Data to process: Begin
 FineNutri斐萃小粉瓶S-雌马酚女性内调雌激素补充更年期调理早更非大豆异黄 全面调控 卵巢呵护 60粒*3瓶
Data to process: End
Data to process: Begin
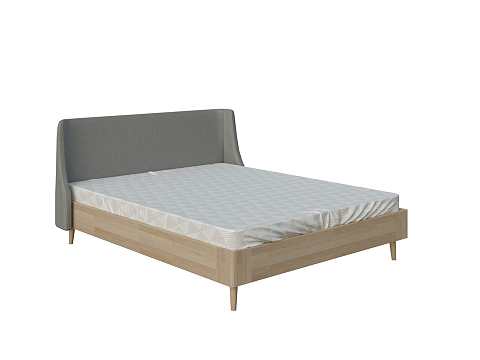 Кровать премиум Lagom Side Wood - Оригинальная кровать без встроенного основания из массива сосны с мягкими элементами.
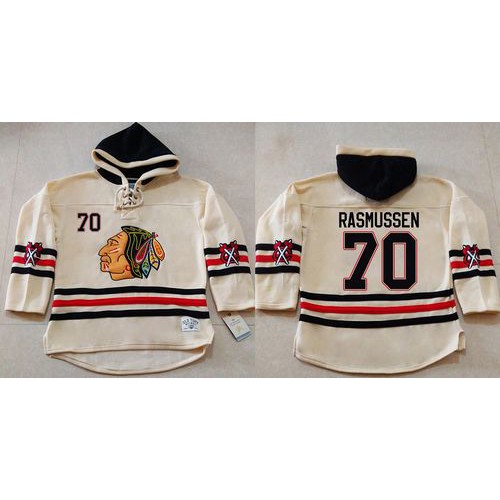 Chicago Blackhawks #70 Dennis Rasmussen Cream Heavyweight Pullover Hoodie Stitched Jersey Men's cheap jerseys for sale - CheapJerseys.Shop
Data to process: End
Data to process: Begin
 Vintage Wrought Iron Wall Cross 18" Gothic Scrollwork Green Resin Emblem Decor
Data to process: End
▸ **Task description**
Here the job is to copy the stretch of records from the line containing "Кровать премиум Lagom" through the line containing "Chicago Blackhawks #70", word for word. Leave every picture out.

▸ **Answer for this exercise**
 Кровать премиум Lagom Side Wood - Оригинальная кровать без встроенного основания из массива сосны с мягкими элементами.
 Chicago Blackhawks #70 Dennis Rasmussen Cream Heavyweight Pullover Hoodie Stitched Jersey Men's cheap jerseys for sale - CheapJerseys.Shop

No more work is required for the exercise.